🤖 AI Summary
This work addresses the limitation of Random Fourier Features (RFF) in approximating non-Gaussian isotropic shift-invariant kernels. We propose a unified scale-mixture representation of spectral distributions: for the first time, we rigorously prove that the spectral distribution of any isotropic positive-definite shift-invariant kernel admits a representation as an α-stable random vector scaled by a scalar factor, whose distribution is analytically determined by the kernel function. Building on this characterization, we derive a general spectral sampling formula applicable to a broad class of kernels—including exponential-power, generalized Matérn, generalized Cauchy, and Beta/Kummer/Tricomi families—without modifying existing Gaussian RFF implementations.
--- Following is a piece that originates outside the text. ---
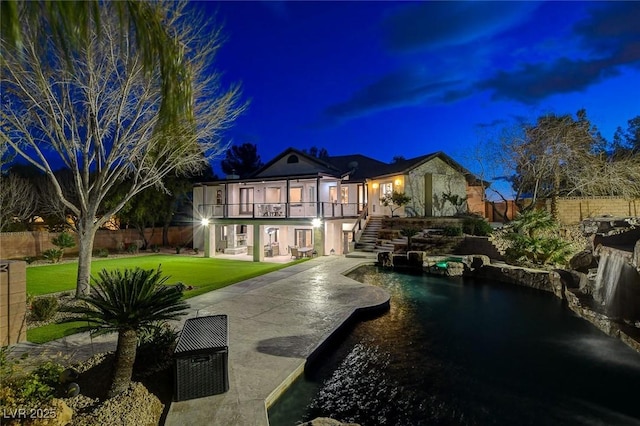 back house at twilight featuring a balcony, a patio area, a yard, and a fenced in pool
The approach seamlessly extends RFF-based algorithms such as SVM, kernel ridge regression, and Gaussian processes to diverse kernel families, significantly enhancing their compatibility and flexibility while preserving computational efficiency.
📝 Abstract
Rahimi and Recht (2007) introduced the idea of decomposing positive definite shift-invariant kernels by randomly sampling from their spectral distribution. This famous technique, known as Random Fourier Features (RFF), is in principle applicable to any such kernel whose spectral distribution can be identified and simulated. In practice, however, it is usually applied to the Gaussian kernel because of its simplicity, since its spectral distribution is also Gaussian. Clearly, simple spectral sampling formulas would be desirable for broader classes of kernels. In this paper, we prove that the spectral distribution of every positive definite isotropic kernel can be decomposed as a scale mixture of $alpha$-stable random vectors, and we identify the scaling distribution as a function of the kernel. This constructive decomposition provides a simple and ready-to-use spectral sampling formula for every multivariate positive definite shift-invariant kernel, including exponential power kernels, generalized Mat'ern kernels, generalized Cauchy kernels, as well as newly introduced kernels such as the Beta, Kummer, and Tricomi kernels. In particular, we show that the spectral distributions of these kernels are scale mixtures of the multivariate Gaussian distribution. This provides a very simple way to adapt existing random Fourier features software based on Gaussian kernels to any positive definite shift-invariant kernel. This result has broad applications for support vector machines, kernel ridge regression, Gaussian processes, and other kernel-based machine learning techniques for which the random Fourier features technique is applicable.